DIRECTIONS = Reproduce verbatim the lines of the material below, starting at the line with "Set tweed áo và quần" and ending at the line with "Justice for Renee", both inclusive; skip the rest.

+++ EXTRACTED MATERIAL

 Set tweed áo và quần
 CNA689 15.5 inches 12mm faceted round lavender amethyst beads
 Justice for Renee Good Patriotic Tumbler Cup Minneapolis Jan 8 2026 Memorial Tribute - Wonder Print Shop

++++++
+++ EXTRACTED MATERIAL

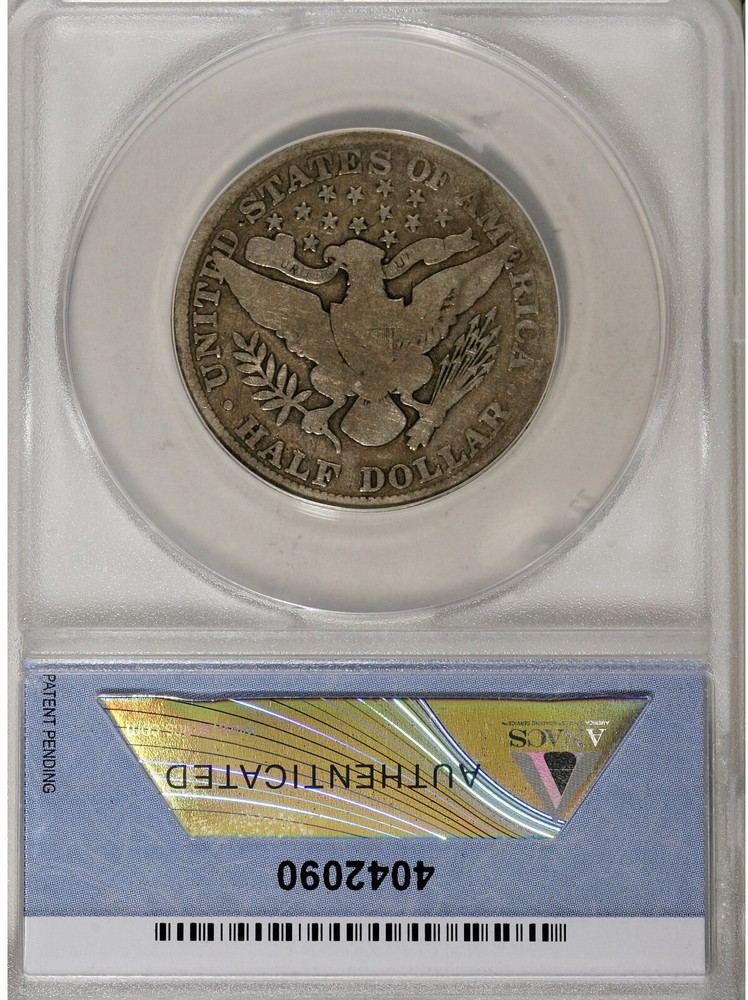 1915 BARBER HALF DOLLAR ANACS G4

++++++

REPLY =
 Set tweed áo và quần
 CNA689 15.5 inches 12mm faceted round lavender amethyst beads
 Justice for Renee Good Patriotic Tumbler Cup Minneapolis Jan 8 2026 Memorial Tribute - Wonder Print Shop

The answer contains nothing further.